Jay Sanderson, president of American Jewish University, confirmed the news in a phone interview with the Forward.
“He has served the Jewish world admirably, honorably for more than 25 years, leading an upstanding rabbinical school and making his mark on hundreds of Jewish leaders across the country,” Sanderson said.
Artson, who is also a vice president at AJU, is not leaving the school entirely. Sanderson said he will take on a “more senior role” in the administration of AJU, which also includes graduate schools for education and business. He will also continue teaching as the newly inaugurated Mordecai Kaplan Chair.
Artson did not reply to inquiries Wednesday night.
Sanderson, who became president in May 2025, has been making noise about bigger changes ahead at Ziegler since his arrival.

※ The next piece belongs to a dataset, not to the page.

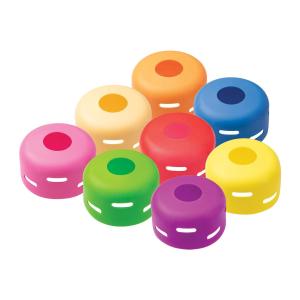 Westcott Reusable, Easy to Use, Easy to Store, Heat and Tear Resistant FlexiGels for FJ400 Strobe
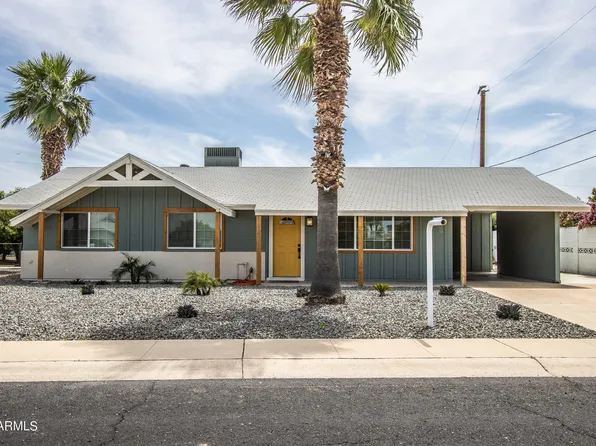 10141 W PEBBLE BEACH Drive, Sun City, AZ 85351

In a podcast interview posted Jan. 15, he said he wanted AJU — which is already nondenominational other than Ziegler — to be “less denominationally driven.”
“What I was alluding to is an idea that has been talked about in the Jewish world for 15 years, that no one, frankly, has the courage to do, which is to create a multi-denominational rabbinical school, teaching 21st century skills, and bringing people across denominations to learn together,” Sanderson told the Forward. (Trans-denominational rabbinical schools do exist, including one in Los Angeles — the Academy for Jewish Religion, California.)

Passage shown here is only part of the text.